Listen, maybe all this discussion of what a tasting menu is and why it is worth it seems passé to some people. Maybe it gets a chuckle with folks I know who live closer to that other bigger city east of here, where I sampled tasting menus at O Ya and Craigie on Main years ago. It surely gets a laugh in New York City where I lived when tasting menus went mainstream there in the 90s. The scene got so overheated, obligatory, and in some cases still mandatory (no a la carte) that Pete Wells in The New York Times complained more than four years ago about being “nibbled to death” by the cult of tasting menus and their small dishes.
Get over yourselves. We are not they.
Maybe the most promising sign of a trend that is finding its own way in Worcester is that Jared Forman of the delightful deadhorse hill has discretely started offering a family-style “horse feast” tasting menu (also blind that allows the entire table to share a tasting experience of dishes on and off the menu for $65 per person or $100 with wine pairings).

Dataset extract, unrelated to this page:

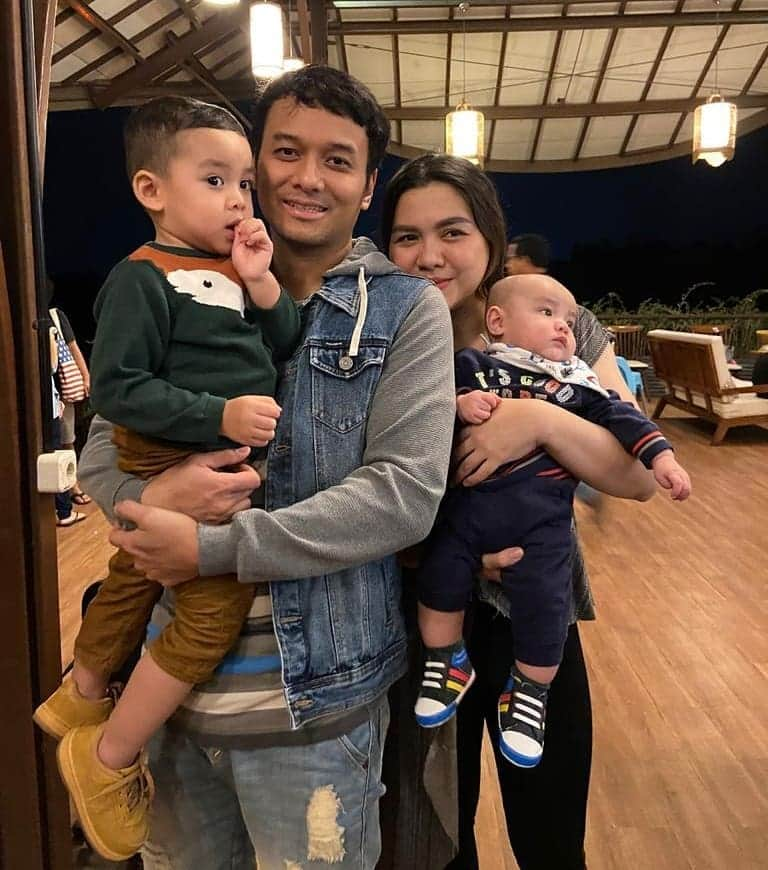 Vicky Shuさんのインスタグラム写真 - (Vicky ShuInstagram)「Yah gitu deh ceritanya foto ber 4. Duuhh siapa yang senasib kalau foto sama anak2 susaaaaahhh fokusssssnyaaaa. Hahahaha #vickyadembojo #thenugrohoputro」7月3日 11時05分 - vickyshu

I say this because Forman comes from New York City and worked at two acclaimed and landmark restaurants: Gramercy Tavern (where there are still tasting menus and have been since Danny Meyer and Tom Colicchio started it in 1994) and Per Se (where Thomas Keller’s team offers only a tasting menu and limited selection in each course for a price you don’t want to know).
I remember how exciting it was in New York City to eat at both these places when they opened and it feels the same way now in Worcester as the city responds differently to its chefs and restaurants and they respond in turn. This is a big step in our culinary evolution.